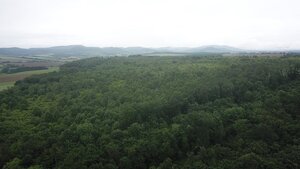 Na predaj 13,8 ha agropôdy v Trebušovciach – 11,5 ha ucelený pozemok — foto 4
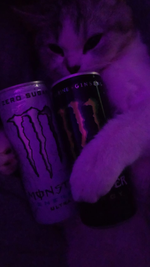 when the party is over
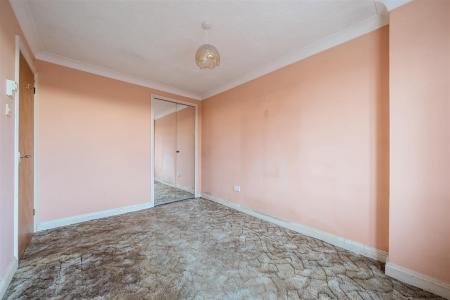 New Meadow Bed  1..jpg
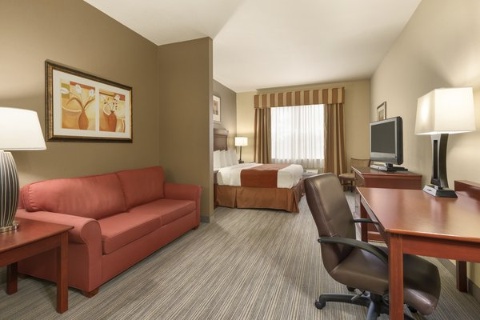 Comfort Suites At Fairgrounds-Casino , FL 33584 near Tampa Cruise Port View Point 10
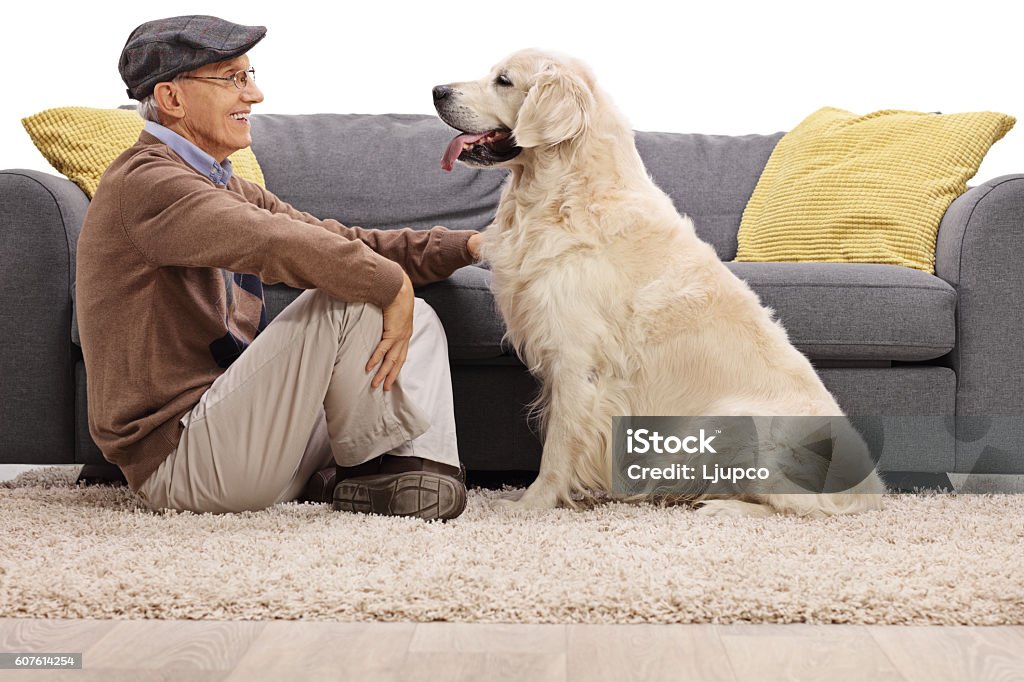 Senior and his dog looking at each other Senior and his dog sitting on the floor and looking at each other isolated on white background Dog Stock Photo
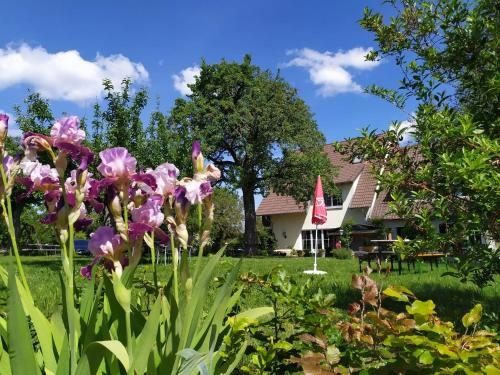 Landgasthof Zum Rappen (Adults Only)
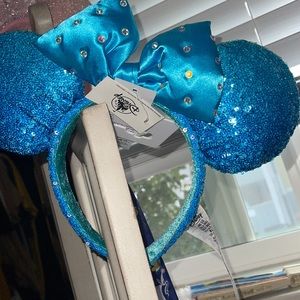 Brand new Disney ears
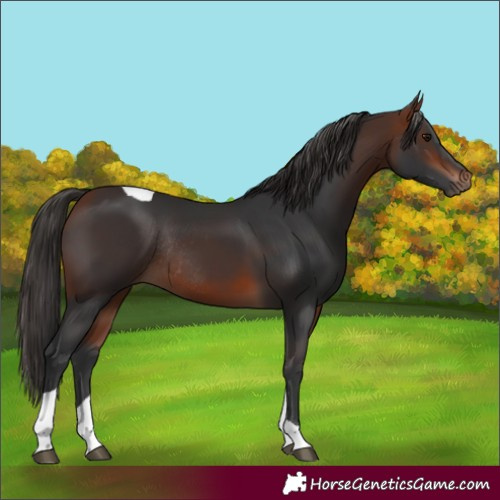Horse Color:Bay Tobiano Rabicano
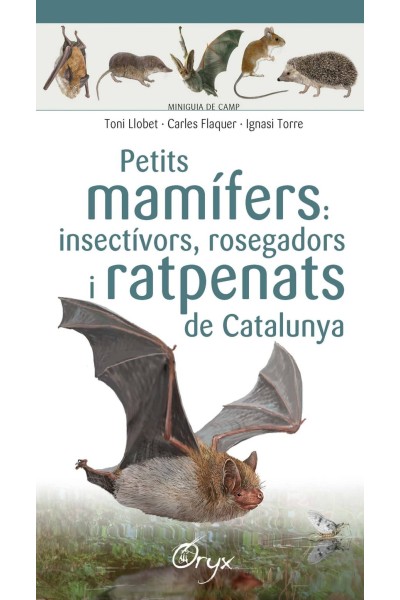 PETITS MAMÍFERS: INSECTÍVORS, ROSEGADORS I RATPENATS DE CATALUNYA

> Exercise goal
The result should be a transcript of the lines from the line containing "Comfort Suites At" through the end of the listing above, exact, inclusive, and without pictures.

> Result below
 Comfort Suites At Fairgrounds-Casino , FL 33584 near Tampa Cruise Port View Point 10
 Senior and his dog looking at each other Senior and his dog sitting on the floor and looking at each other isolated on white background Dog Stock Photo
 Landgasthof Zum Rappen (Adults Only)
 Brand new Disney ears
Horse Color:Bay Tobiano Rabicano
 PETITS MAMÍFERS: INSECTÍVORS, ROSEGADORS I RATPENATS DE CATALUNYA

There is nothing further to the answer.